Não é fácil estarmos sempre prontos a perdoar. Há situações que mostram claramente a nossa dificuldade de exercer o perdão. Todavia, é preciso que fique claro que perdoar não significa esquecer ou tolerar o mal, mas é um ato pleno de amor, compaixão e, sobretudo, misericórdia. O simples ato de perdoar já nos liberta do peso do ressentimento, do rancor, da raiva e da amargura, e nos permite experimentar a paz interior e a reconciliação com Deus e com aqueles que convivemos no dia-a-dia. Diante do perdão dado de coração aberto, nos lembramos de que somos todos pecadores e dependentes da graça divina.

Deus é amor, mas também misericórdia, justiça e perdão! Ele é sempre justo e nunca age de forma desonesta, retribuindo a cada um de nós, aquilo que é digno. Um Deus que age pela amorosidade, misericórdia e compaixão. Ele que é amor em plenitude e que muito nos ama e perdoa sempre, infinitamente. Um Deus que não leva em conta os nossos erros, mas a nossa capacidade de reconhecer os desvios da rota e buscar o caminho de volta. A experiência nos mostra que, quanto mais distantes de Deus estivermos, mais errantes e pecadores nos sentimos. O contrário também é verdadeiro, pois a proximidade com Ele nos faz ver sua grandeza diante da nossa pequenez.

Quem ama sabe perdoar! Quem não perdoa não sabe o que é amar! O perdão está na essência do ser cristão. Jesus, através do evangelista Mateus nos dando uma aula sobre a pedagogia do perdão. A dinâmica do ato de perdoar é conseguir perdoar quantas vezes forem necessárias, ou seja, infinitamente.
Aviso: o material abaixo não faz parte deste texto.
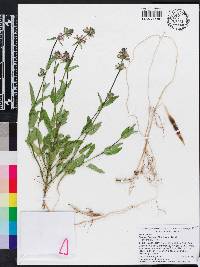 Stachys floridana image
Para Jesus, não existe limite para o perdão. O limite do perdão é o perdão sem limite. Perdoar sempre assim como Deus também nos perdoa infinitamente. Perdoar não é esquecer os erros, mas saber que maior que qualquer erro é a graça divina presente no ato de quem perdoa: “onde foi grande o pecado, foi bem maior a graça”. (Rom 5,20) O dom de Deus presente no ato de perdoar supera de longe qualquer erro, qualquer pecado das pessoas. O perdoar faz bem ao perdoado, mas principalmente a quem tem a nobreza de saber perdoar. Assim como o verdadeiro arrependimento brota do fundo do coração, o perdoar também tem a sua origem num coração que muito ama.

Numa sociedade de amor, de perdão não há espaço para a opressão. Não cabe dentro dela o opressor. Mas ele insiste em querer continuar construindo a sociedade da desigualdade. Como então amar e perdoar o opressor nesta mesma lógica de Jesus? Aqui cabe um dos raciocínios desenvolvidos pelo nosso grande educador Paulo Freire que dizia: “Os opressores, violentando e proibindo que os outros sejam, não podem igualmente ser; os oprimidos, lutando por ser, ao retirar-lhes o poder de oprimir e de esmagar, lhes restauram a humanidade que haviam perdido no uso da opressão”. Assim, amar e perdoar o opressor exige fazer com que ele deixe de ser quem é: opressor.